-- Data to examine follows --

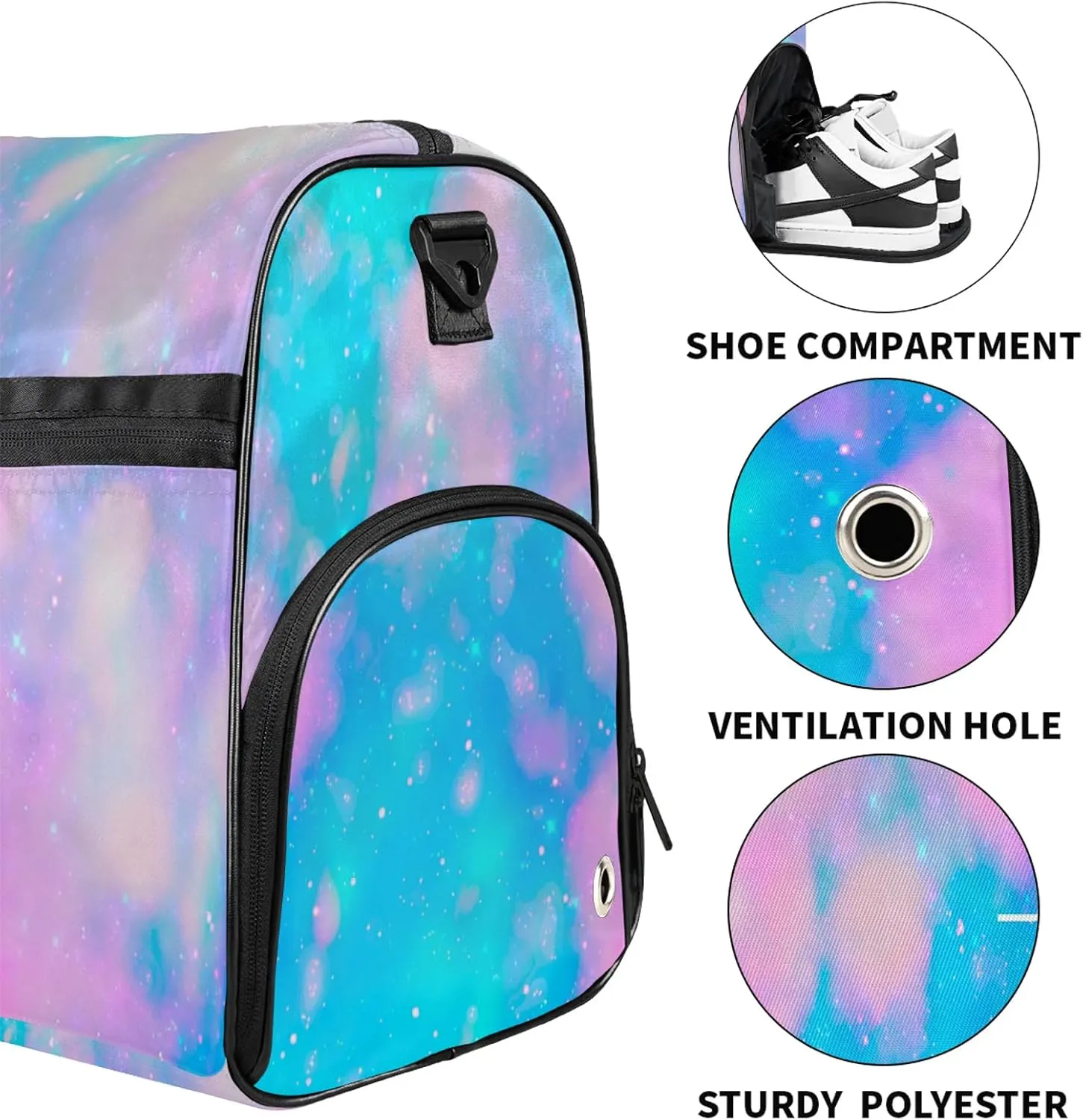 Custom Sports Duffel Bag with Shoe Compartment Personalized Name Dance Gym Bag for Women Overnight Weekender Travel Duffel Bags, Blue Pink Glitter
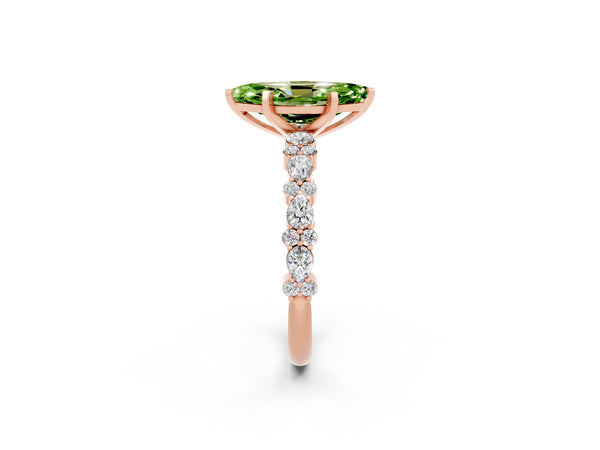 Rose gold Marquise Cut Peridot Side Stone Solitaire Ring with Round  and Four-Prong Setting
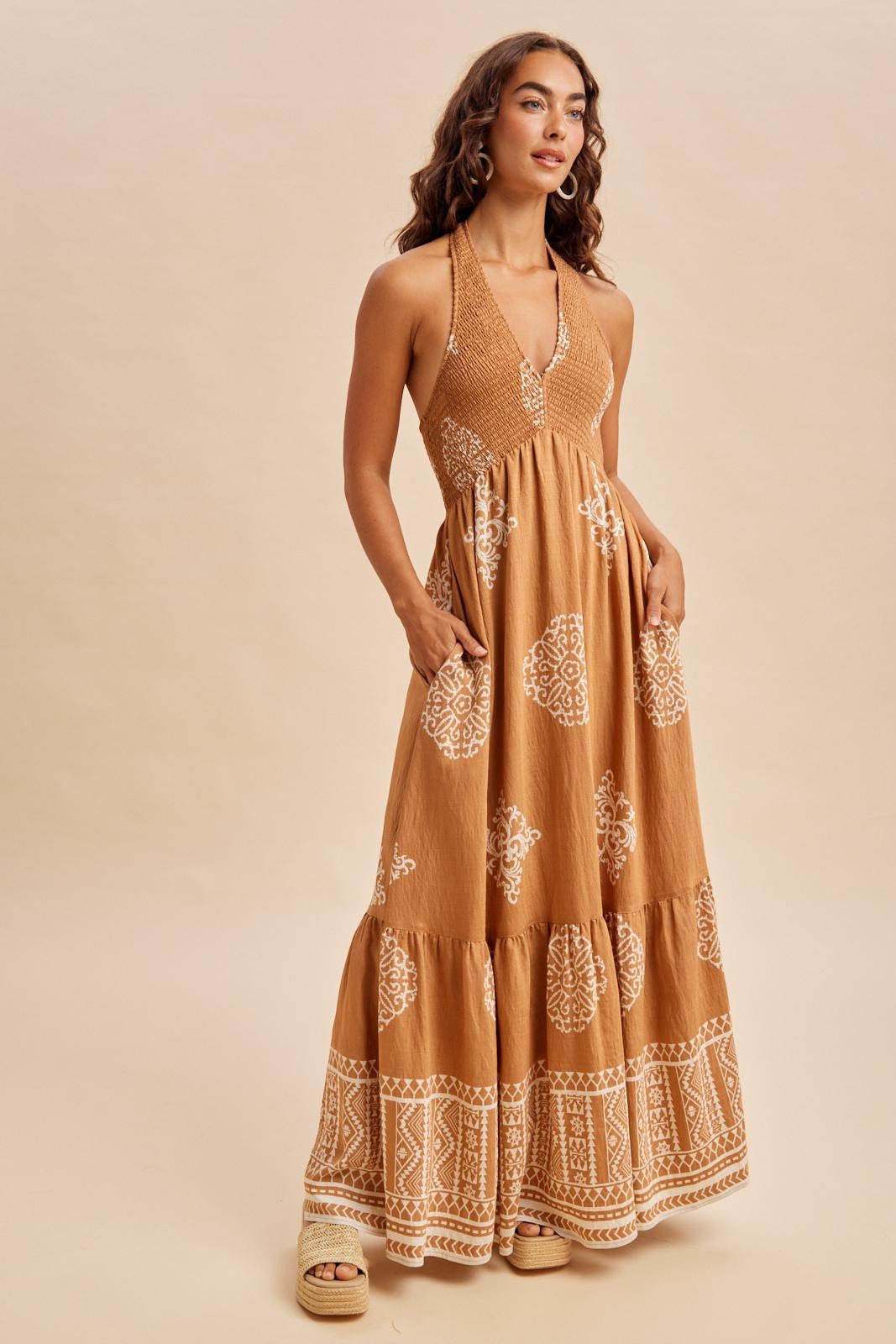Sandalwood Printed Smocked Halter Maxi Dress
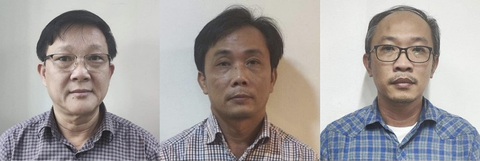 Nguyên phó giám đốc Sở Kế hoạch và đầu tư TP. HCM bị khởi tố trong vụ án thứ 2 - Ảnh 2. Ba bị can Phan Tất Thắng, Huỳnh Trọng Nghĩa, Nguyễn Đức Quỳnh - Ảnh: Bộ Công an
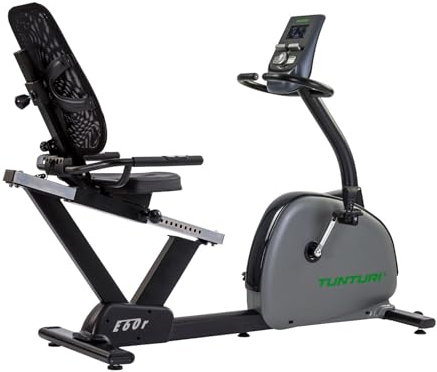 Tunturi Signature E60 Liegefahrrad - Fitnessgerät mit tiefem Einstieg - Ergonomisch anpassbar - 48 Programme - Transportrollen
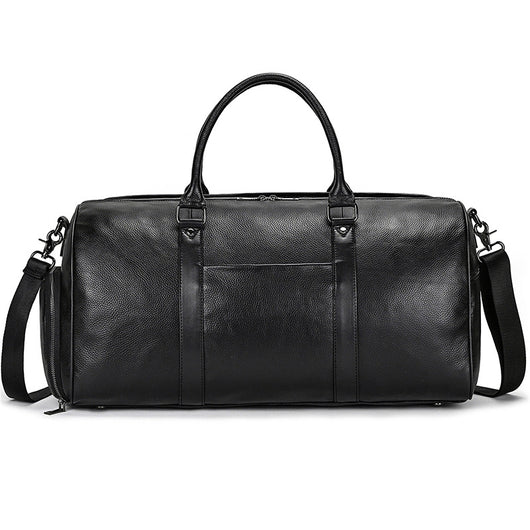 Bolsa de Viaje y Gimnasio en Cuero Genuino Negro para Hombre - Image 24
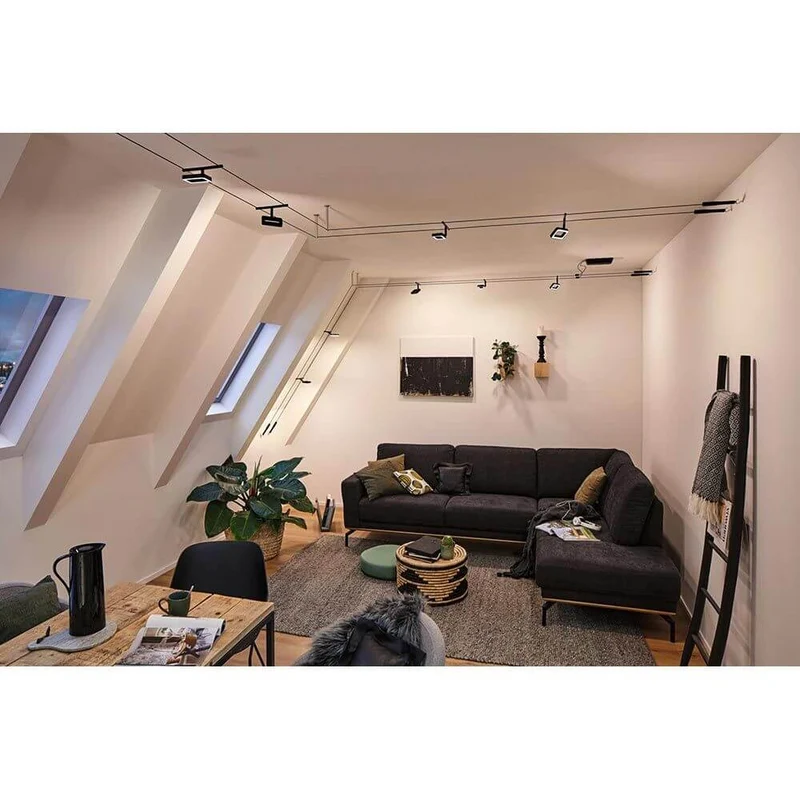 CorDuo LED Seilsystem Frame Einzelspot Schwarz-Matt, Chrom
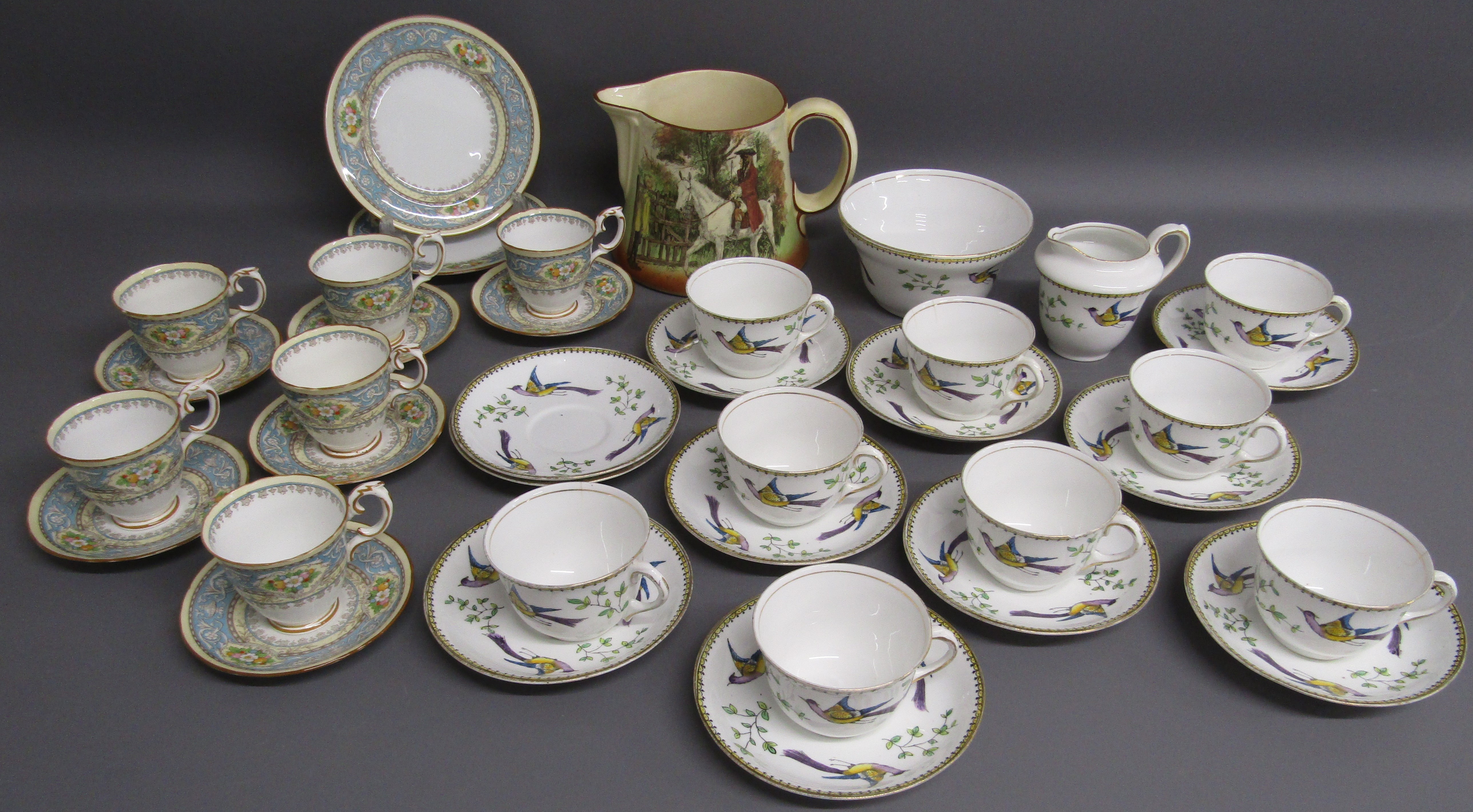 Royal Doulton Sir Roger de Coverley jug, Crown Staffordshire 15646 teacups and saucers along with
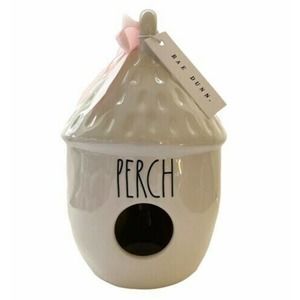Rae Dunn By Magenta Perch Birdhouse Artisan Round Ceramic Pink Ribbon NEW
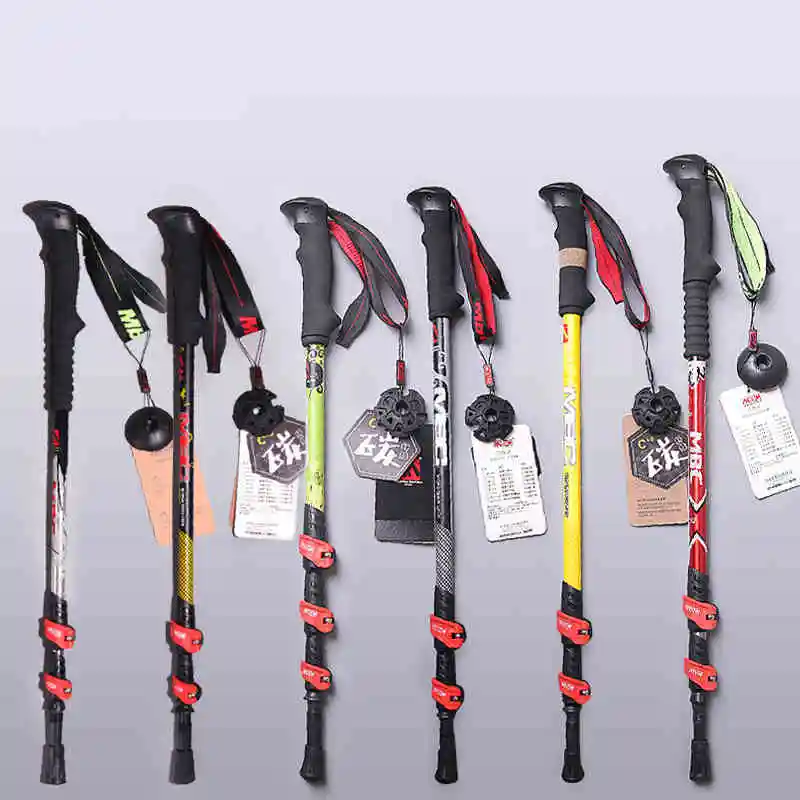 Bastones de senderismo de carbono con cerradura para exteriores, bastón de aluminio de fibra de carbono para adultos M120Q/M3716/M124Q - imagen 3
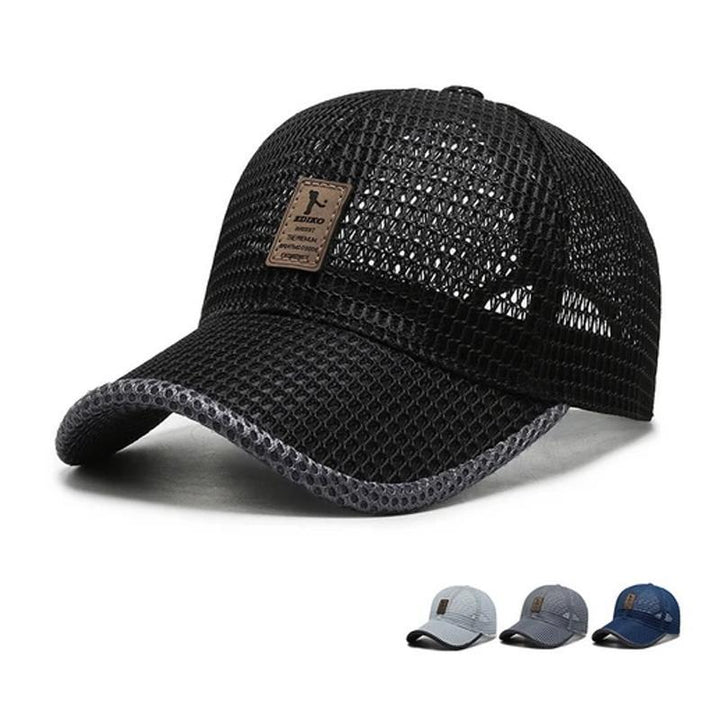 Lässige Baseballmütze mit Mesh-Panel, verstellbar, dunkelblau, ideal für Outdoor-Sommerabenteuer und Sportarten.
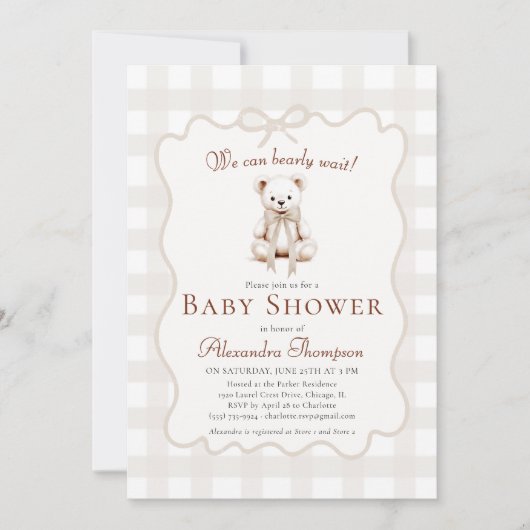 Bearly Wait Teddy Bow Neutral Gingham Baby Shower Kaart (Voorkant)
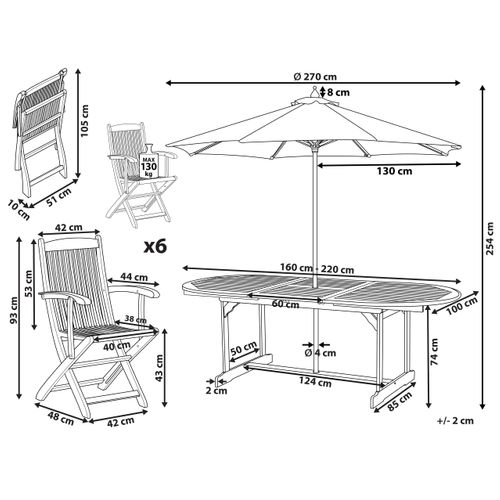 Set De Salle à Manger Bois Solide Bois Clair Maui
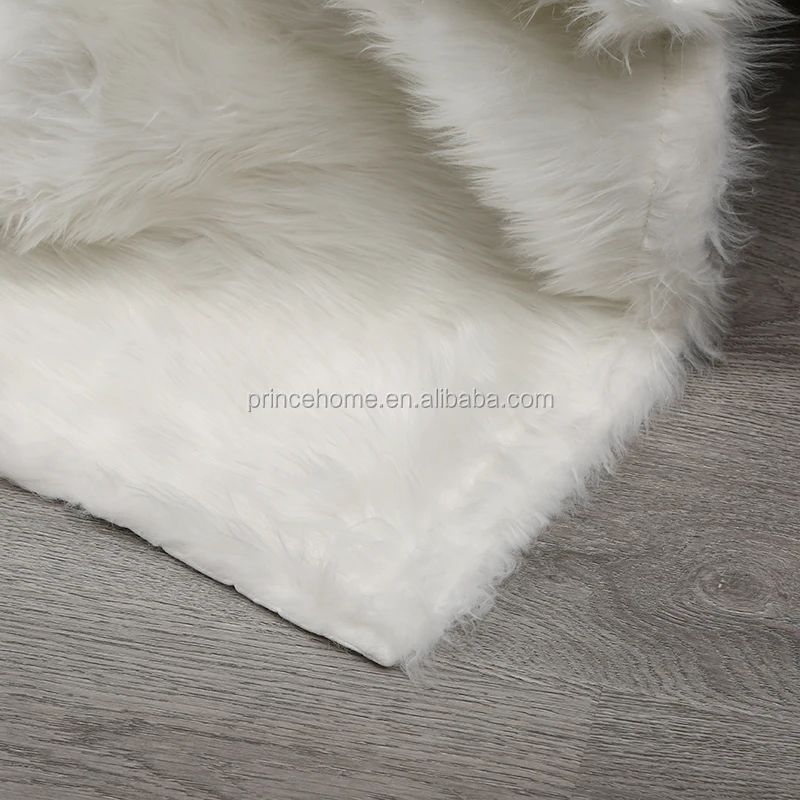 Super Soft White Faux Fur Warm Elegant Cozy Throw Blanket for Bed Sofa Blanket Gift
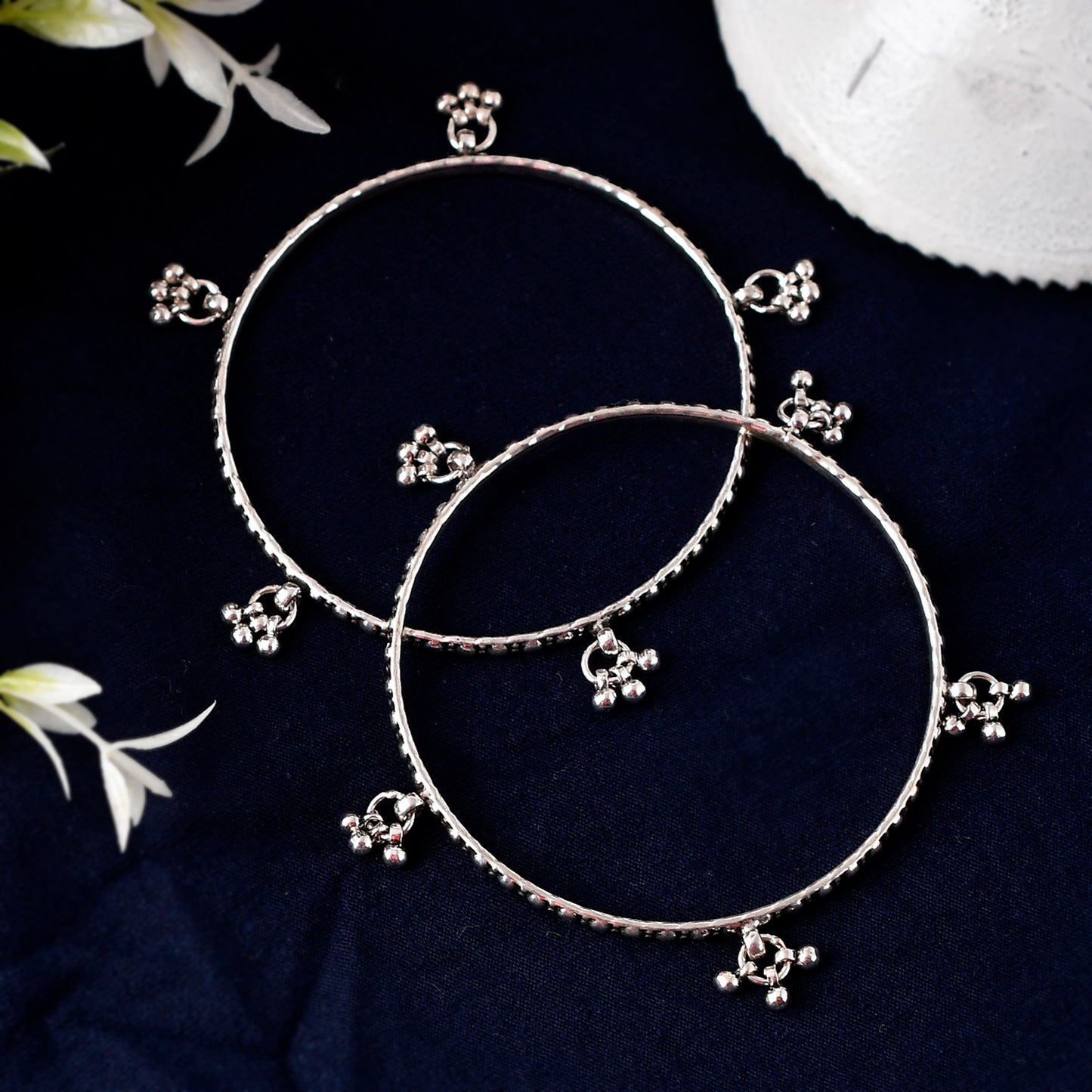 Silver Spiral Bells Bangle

-- Data to examine concluded --

What you should do: Each line from the one containing "Nguyên phó giám" through the last line of the listing must be copied exactly, and the pictures must not be.

Task response:
 Nguyên phó giám đốc Sở Kế hoạch và đầu tư TP. HCM bị khởi tố trong vụ án thứ 2 - Ảnh 2. Ba bị can Phan Tất Thắng, Huỳnh Trọng Nghĩa, Nguyễn Đức Quỳnh - Ảnh: Bộ Công an
 Tunturi Signature E60 Liegefahrrad - Fitnessgerät mit tiefem Einstieg - Ergonomisch anpassbar - 48 Programme - Transportrollen
 Bolsa de Viaje y Gimnasio en Cuero Genuino Negro para Hombre - Image 24
 CorDuo LED Seilsystem Frame Einzelspot Schwarz-Matt, Chrom
 Royal Doulton Sir Roger de Coverley jug, Crown Staffordshire 15646 teacups and saucers along with
Rae Dunn By Magenta Perch Birdhouse Artisan Round Ceramic Pink Ribbon NEW
 Bastones de senderismo de carbono con cerradura para exteriores, bastón de aluminio de fibra de carbono para adultos M120Q/M3716/M124Q - imagen 3
 Lässige Baseballmütze mit Mesh-Panel, verstellbar, dunkelblau, ideal für Outdoor-Sommerabenteuer und Sportarten.
 Bearly Wait Teddy Bow Neutral Gingham Baby Shower Kaart (Voorkant)
 Set De Salle à Manger Bois Solide Bois Clair Maui
 Super Soft White Faux Fur Warm Elegant Cozy Throw Blanket for Bed Sofa Blanket Gift
 Silver Spiral Bells Bangle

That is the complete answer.